Co-Director, Cyber Security Directorate, National Center for Supercomputing Applications, University of Illinois, Champaign, Illinois
Von Welch is the Co-Director for Cyber Security at the National Center for Supercomputing Application (NCSA)/University of Illinois, Champaign, Illinois. In this role he leads development and application of security technology for clientele spanning the science, engineering, law enforcement and corporate communities. Mr. Welch has worked in cyber security for the past decade, developing new standards and methodologies for distributed and federated security architectures. Prior to working in cyber security, Mr. Welch worked on high-performance networking and networking applications. Mr. Welch is a 1992 graduate of the University of Illinois with a degree in Computer Engineering.

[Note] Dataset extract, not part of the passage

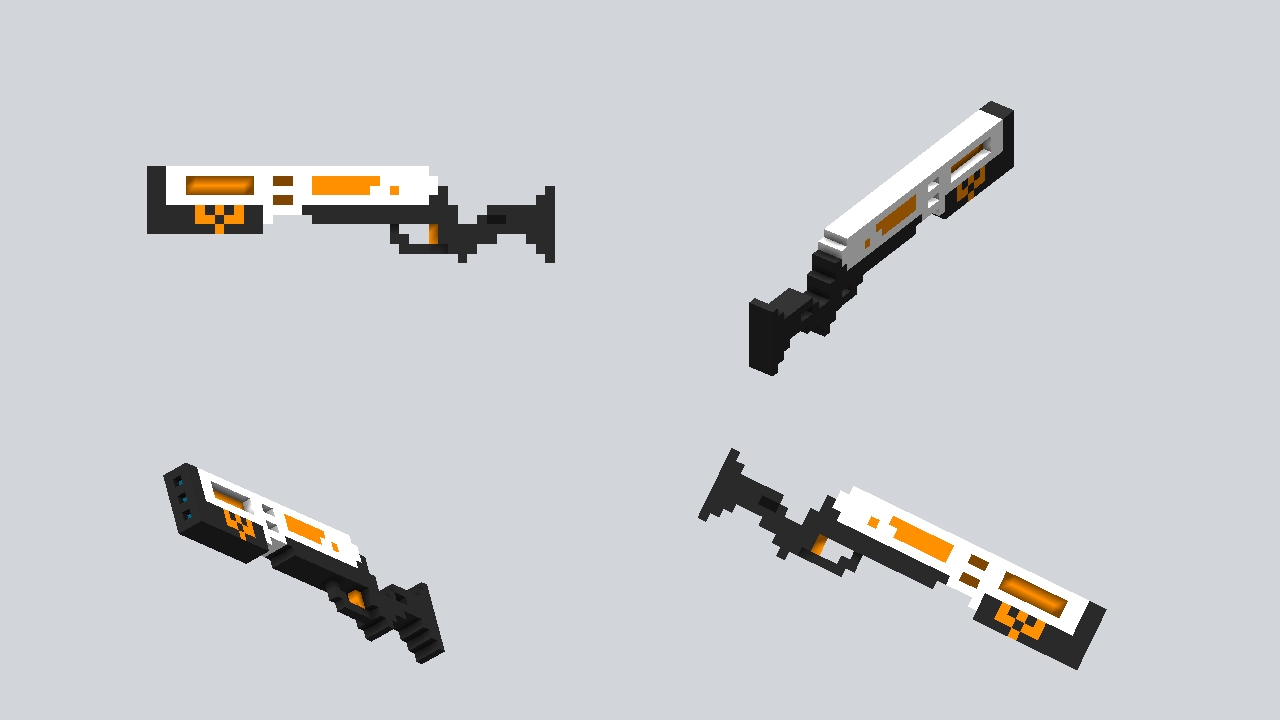 Hi-Tech Shotgun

Dr. Welch will discuss APPLING HIGH-TECH SCIENCE AND ENGINEERING SOLUTIONS TO CYBER CRIME INVESTIGATIONS. Funded by the National Science Foundation as one of the premier open supercomputer centers, the National Center for Supercomputing Applications (NCSA) at the University of Illinois has over 20 years of experience in developing and deploying state of the art high-performance computing, data, network and cyber infrastructure systems for the nation’s scientists and engineers. Due to its vast Internet “store front” and required open nature, NCSA has developed extensive experience working with law enforcement on investigating and responding to cybercrimes. Recently, NCSA has extended the scope of its community engagement to work closely with law enforcement on applying the same technologies and techniques to aid with cybercrime investigations that have solved large-scale computing problems for scientists and engineers. This talk will focus on two such applied research efforts. The first being an USB-based software tool to allow law enforcement officers without cyber expertise to effectively respond to routine cyber incidents they encounter in the course of their job. The second effort is the application of scientific workflow to forensic investigation to allow an investigator to have an accurate record of their investigative activities and to reproduces those activities even after a significant time has elapsed.